-- DATA PROVIDED follows --
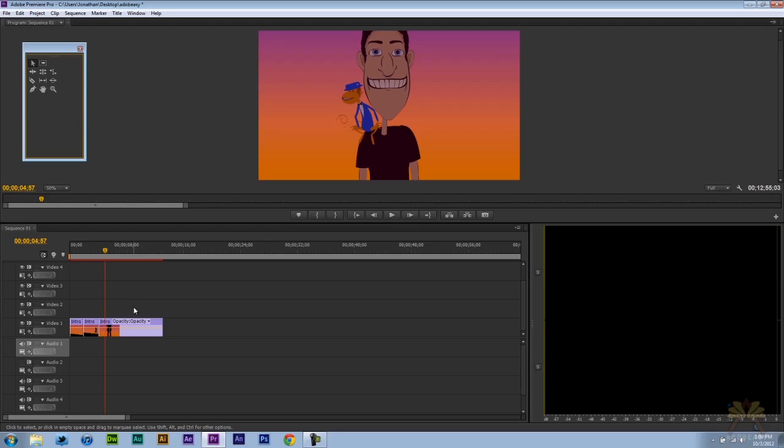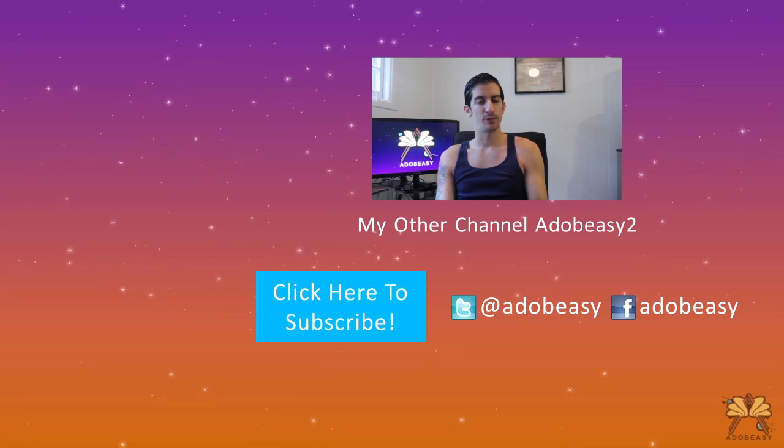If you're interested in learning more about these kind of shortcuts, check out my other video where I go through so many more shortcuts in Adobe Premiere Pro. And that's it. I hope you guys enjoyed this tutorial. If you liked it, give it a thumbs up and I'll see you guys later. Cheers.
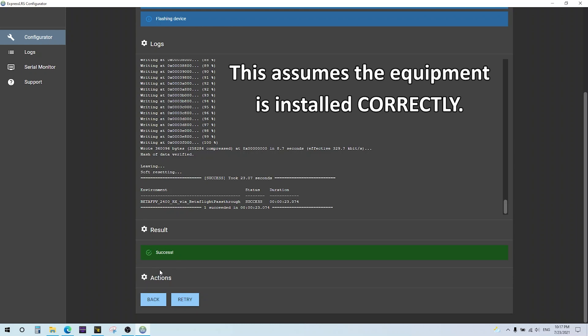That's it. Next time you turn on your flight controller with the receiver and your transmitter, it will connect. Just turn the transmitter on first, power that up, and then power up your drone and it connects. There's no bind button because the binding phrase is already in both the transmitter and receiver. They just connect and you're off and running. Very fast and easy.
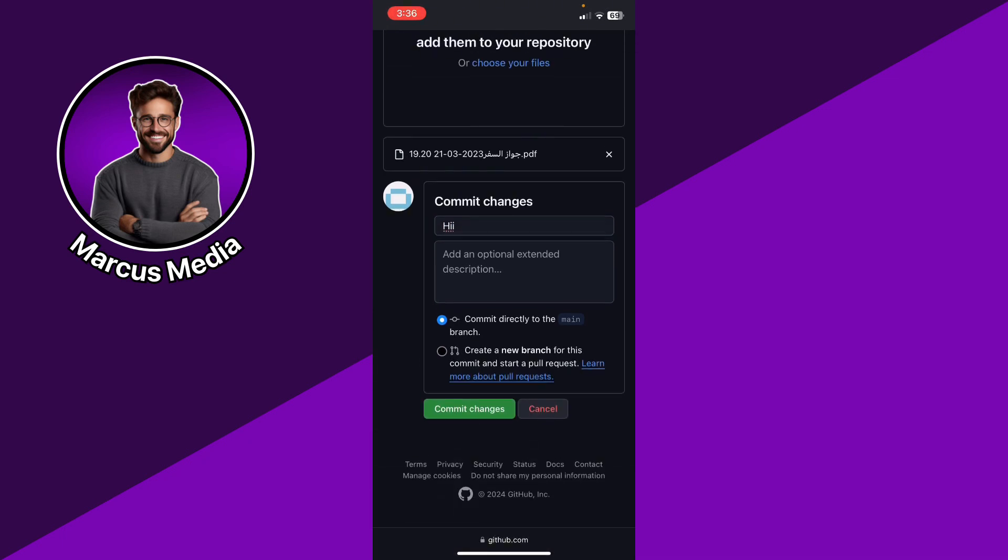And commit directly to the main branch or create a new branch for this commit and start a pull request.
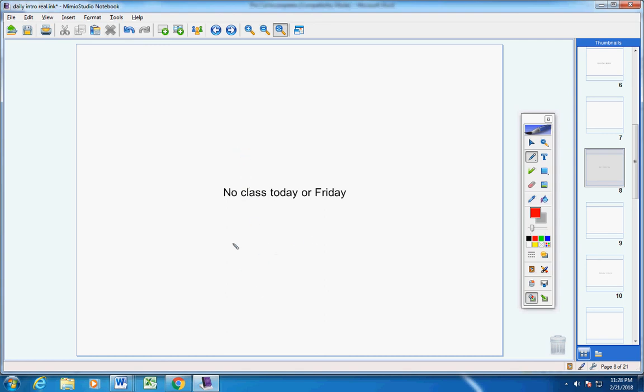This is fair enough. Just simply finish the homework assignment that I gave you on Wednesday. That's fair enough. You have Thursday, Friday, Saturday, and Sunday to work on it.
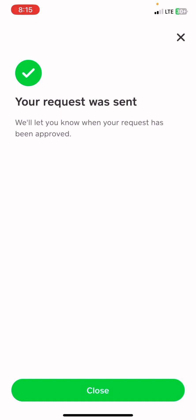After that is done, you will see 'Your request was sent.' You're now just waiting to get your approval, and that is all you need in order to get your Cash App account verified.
-- DATA PROVIDED concluded --
WHAT YOU SHOULD DO:
Print only the lines from the one with "And commit directly" through the last line of the data above, exactly and with both ends, and please omit any pictures.

SOLUTION TO THIS PROBLEM:
And commit directly to the main branch or create a new branch for this commit and start a pull request.
This is fair enough. Just simply finish the homework assignment that I gave you on Wednesday. That's fair enough. You have Thursday, Friday, Saturday, and Sunday to work on it.
After that is done, you will see 'Your request was sent.' You're now just waiting to get your approval, and that is all you need in order to get your Cash App account verified.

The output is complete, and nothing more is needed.